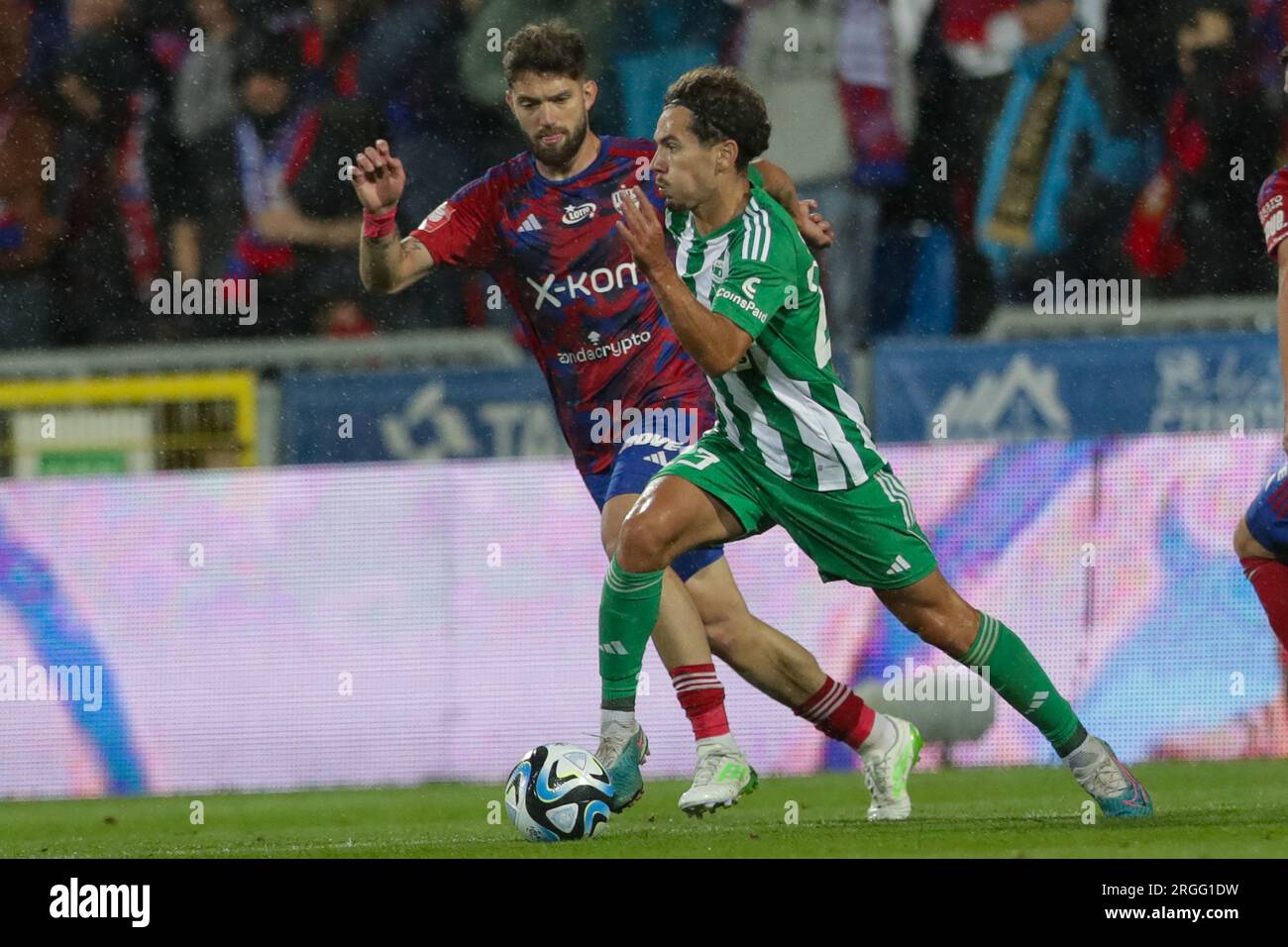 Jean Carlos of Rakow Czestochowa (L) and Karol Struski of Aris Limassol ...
────
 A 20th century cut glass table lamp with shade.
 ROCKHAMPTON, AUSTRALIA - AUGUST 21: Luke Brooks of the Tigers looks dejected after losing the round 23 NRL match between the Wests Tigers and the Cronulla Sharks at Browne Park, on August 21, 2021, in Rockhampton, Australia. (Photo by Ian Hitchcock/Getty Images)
────
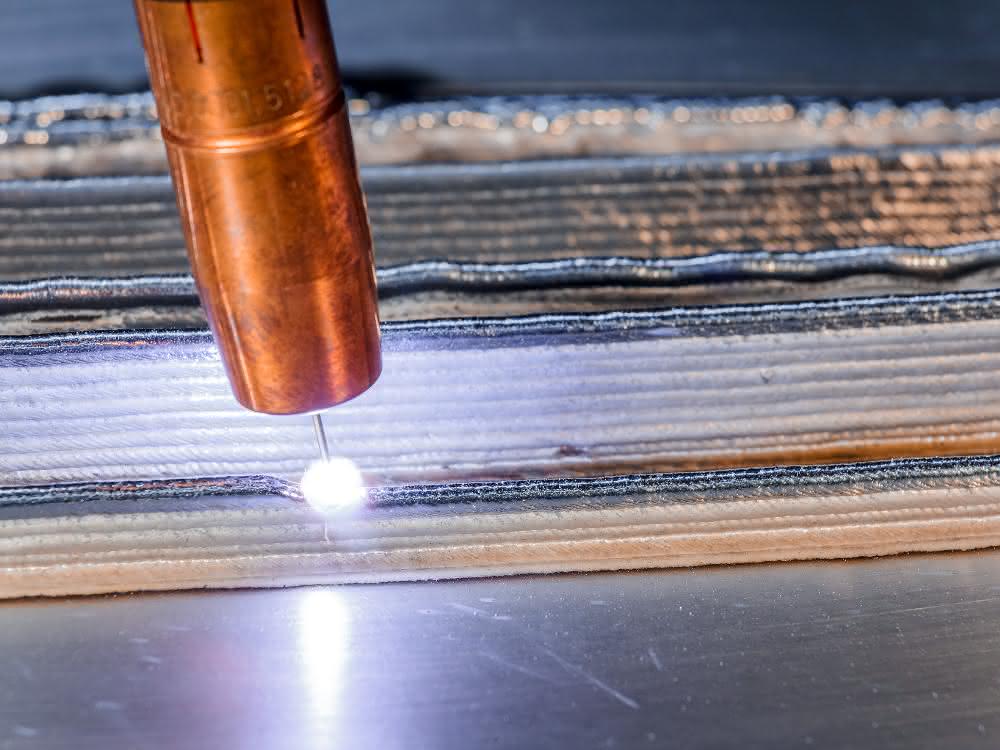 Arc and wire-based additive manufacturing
────
**Exercise instructions**
Please reproduce, exactly as they appear above, the lines from the line containing "A 20th century" up to and including the line containing "ROCKHAMPTON, AUSTRALIA - AUGUST".

**Response to this exercise**
 A 20th century cut glass table lamp with shade.
 ROCKHAMPTON, AUSTRALIA - AUGUST 21: Luke Brooks of the Tigers looks dejected after losing the round 23 NRL match between the Wests Tigers and the Cronulla Sharks at Browne Park, on August 21, 2021, in Rockhampton, Australia. (Photo by Ian Hitchcock/Getty Images)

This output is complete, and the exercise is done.